Two make-out sessions, one of which culminates in an implied sexual encounter on a pool table. Dialogue includes references to "making love," and a man talks about his wife's infidelity (he caught her in a closet with another man at their daughter's school) on a number of occasions.
Multiple head blows with wine bottles and Christmas decorations, leaving the victim either out cold or seeing stars. Some fistfights, sucker punches, an all-hands-on-deck club brawl (bodies flying, chairs crashing, that kind of thing), and the ghost of a man walks around with a swordfish impaled through his chest, which led to his human form's demise. One scene shows a kid playing with a BB gun from a store display.
Occasional use of "hell," as well as "suck" and "butt."
The story's intended messages center on holiday spirit, spreading joy, and appreciating what you have, but most of the movie is spent glossing over Jack's character flaws in favor of a lukewarm subplot about a disgruntled Christmas ghost. A predictably happy ending offers some holiday cheer, and Jack begins to see the unexpected course of his life in a new light, which allows an emotional reunion with his daughter.

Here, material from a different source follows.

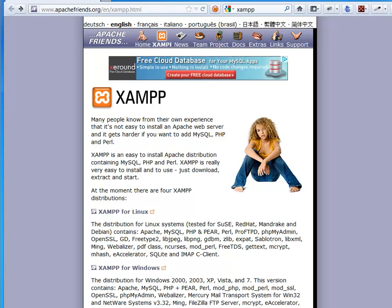Okay, so let's take a look at how to install XAMPP. As we discussed, XAMPP basically is the Apache web server, MySQL database, PHP, and Perl.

Brand names like Coca Cola and Sprite are visible on products in one scene.
Drugs / Tobacco /
Adults often drink beer, wine, and mixed concoctions in social settings, at home (with the stated purpose of getting drunk), and, in one case, while at work. Smoking also has a consistent presence, as the Ghost of Christmas Past is often seen with a cigarette in hand and in one instance is shown using a peppermint stick as one.